Microsoft seems to be trying hard to make programming for the web exactly parallel to stand-alone application programming, and to these ends Microsoft has made the controls in .NET web forms closely match those found in Windows forms. By doing so, the code used to create a GUI for a .NET Windows application can (with a minimum of tweaking) be used on the Internet as well. This opens up a whole new world to yesterday's Visual Basic 6.0 programmers, without learning the in's and out's of multiple browsers, HTML, XML, JavaScript, and all of the other technologies that we've been learning to make a living for the last few years.

Unfortunately, Microsoft hasn't done the same thing for HTML/ASP programmers interested in creating stand-alone applications. Not surprisingly, raw HTML has been hidden in .NET more often than not in recent examples, seemingly rendering classic ASP programmers' in-depth HTML experience as void.

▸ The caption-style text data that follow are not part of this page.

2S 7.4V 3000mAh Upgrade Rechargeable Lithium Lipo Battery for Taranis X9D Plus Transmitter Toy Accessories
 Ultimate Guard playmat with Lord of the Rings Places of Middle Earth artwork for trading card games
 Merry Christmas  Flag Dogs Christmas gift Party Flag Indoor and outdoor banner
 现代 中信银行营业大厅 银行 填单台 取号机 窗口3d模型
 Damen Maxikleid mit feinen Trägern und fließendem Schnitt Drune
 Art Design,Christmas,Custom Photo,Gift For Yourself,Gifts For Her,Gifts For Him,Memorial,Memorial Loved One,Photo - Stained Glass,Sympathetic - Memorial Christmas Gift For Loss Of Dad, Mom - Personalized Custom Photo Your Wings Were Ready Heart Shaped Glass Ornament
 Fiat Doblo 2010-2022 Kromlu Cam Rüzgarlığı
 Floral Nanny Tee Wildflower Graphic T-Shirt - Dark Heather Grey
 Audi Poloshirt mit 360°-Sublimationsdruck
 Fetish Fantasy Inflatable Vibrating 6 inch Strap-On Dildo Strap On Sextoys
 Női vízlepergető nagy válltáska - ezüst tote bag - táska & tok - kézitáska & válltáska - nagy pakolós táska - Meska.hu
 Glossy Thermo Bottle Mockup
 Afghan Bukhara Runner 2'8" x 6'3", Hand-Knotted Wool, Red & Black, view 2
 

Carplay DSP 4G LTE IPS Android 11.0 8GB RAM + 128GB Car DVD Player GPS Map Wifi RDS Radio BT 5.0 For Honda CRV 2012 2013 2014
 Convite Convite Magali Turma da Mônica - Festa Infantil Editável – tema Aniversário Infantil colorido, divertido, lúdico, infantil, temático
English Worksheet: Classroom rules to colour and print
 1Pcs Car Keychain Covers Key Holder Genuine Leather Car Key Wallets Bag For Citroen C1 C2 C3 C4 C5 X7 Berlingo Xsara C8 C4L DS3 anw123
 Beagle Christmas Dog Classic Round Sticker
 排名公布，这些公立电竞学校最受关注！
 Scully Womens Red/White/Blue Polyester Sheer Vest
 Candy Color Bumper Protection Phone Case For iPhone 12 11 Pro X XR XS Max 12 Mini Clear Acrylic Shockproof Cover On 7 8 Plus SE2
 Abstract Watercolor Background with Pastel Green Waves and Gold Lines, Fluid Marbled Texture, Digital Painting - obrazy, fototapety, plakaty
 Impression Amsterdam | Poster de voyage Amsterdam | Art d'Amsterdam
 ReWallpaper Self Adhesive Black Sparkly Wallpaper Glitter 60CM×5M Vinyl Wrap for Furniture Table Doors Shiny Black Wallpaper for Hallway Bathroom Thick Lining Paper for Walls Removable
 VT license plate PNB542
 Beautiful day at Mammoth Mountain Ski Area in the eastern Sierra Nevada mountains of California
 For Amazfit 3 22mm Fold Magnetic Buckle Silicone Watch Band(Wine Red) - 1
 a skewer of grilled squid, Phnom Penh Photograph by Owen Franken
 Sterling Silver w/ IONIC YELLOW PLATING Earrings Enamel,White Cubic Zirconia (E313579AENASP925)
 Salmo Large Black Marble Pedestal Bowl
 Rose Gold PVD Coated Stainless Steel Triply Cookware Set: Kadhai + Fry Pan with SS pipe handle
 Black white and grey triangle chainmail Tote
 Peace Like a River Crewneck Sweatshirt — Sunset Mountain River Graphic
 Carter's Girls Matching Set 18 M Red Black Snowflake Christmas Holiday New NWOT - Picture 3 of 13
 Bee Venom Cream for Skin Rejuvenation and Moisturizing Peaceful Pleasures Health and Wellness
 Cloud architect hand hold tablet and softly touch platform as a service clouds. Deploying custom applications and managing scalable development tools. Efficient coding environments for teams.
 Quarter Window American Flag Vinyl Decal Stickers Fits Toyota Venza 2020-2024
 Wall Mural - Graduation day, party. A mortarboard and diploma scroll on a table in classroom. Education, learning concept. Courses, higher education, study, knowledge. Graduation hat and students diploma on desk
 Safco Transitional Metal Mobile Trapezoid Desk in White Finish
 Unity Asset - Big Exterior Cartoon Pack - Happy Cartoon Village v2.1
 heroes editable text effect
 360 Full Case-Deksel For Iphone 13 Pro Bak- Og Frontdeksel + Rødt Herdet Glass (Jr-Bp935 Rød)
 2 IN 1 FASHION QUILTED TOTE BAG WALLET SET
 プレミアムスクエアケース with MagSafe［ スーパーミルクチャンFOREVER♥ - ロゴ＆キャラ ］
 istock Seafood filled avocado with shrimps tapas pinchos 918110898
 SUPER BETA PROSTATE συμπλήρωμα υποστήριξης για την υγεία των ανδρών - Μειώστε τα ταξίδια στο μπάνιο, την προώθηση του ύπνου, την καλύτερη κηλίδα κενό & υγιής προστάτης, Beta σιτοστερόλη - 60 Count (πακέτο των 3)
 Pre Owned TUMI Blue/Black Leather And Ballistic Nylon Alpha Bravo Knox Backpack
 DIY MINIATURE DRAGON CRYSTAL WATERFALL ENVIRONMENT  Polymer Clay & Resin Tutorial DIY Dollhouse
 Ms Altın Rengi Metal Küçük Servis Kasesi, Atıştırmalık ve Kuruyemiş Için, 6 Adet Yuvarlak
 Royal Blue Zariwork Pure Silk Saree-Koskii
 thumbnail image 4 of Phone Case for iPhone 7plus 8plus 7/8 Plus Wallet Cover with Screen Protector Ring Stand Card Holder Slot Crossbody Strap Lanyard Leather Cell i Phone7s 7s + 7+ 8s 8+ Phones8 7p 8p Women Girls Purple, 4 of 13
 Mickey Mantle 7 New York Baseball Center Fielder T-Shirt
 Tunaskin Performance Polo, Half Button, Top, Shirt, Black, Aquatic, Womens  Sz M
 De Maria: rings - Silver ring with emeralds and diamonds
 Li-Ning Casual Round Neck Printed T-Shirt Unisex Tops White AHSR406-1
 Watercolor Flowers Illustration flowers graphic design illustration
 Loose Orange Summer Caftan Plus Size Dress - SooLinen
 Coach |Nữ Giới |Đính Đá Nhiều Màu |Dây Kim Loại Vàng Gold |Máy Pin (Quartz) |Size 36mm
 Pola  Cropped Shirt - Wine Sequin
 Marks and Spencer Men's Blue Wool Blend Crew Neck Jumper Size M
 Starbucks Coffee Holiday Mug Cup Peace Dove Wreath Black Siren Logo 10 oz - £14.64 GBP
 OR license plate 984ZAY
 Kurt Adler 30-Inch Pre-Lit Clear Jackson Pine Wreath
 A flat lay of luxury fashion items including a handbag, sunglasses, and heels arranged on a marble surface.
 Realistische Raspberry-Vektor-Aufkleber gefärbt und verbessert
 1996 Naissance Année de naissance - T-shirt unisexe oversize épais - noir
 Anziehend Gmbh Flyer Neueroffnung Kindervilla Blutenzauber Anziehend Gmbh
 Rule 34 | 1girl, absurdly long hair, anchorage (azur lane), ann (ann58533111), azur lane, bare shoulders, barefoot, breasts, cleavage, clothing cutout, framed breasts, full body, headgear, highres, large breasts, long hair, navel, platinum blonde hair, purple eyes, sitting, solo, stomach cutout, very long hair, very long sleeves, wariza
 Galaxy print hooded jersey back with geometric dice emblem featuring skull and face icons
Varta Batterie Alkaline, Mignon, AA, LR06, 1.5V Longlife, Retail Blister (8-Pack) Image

In this article we'll cut to the chase from a classic ASP programmer's point of view and assume that you've learned more than enough HTML to create pages with a little more functionality than Microsoft's generic controls. We'll introduce the minimum number of .NET concepts in this article, one at a time, and will often use classic ASP code examples to ease your transition from classic ASP/ADO to ASP.NET/ADO.NET.

I'm going to be using Microsoft SQL Server 7.0 as my database in these examples and I'll use the "pubs" database so that you can test the support files for this article on your machine. I'll be coding up several aspx pages with C# as well.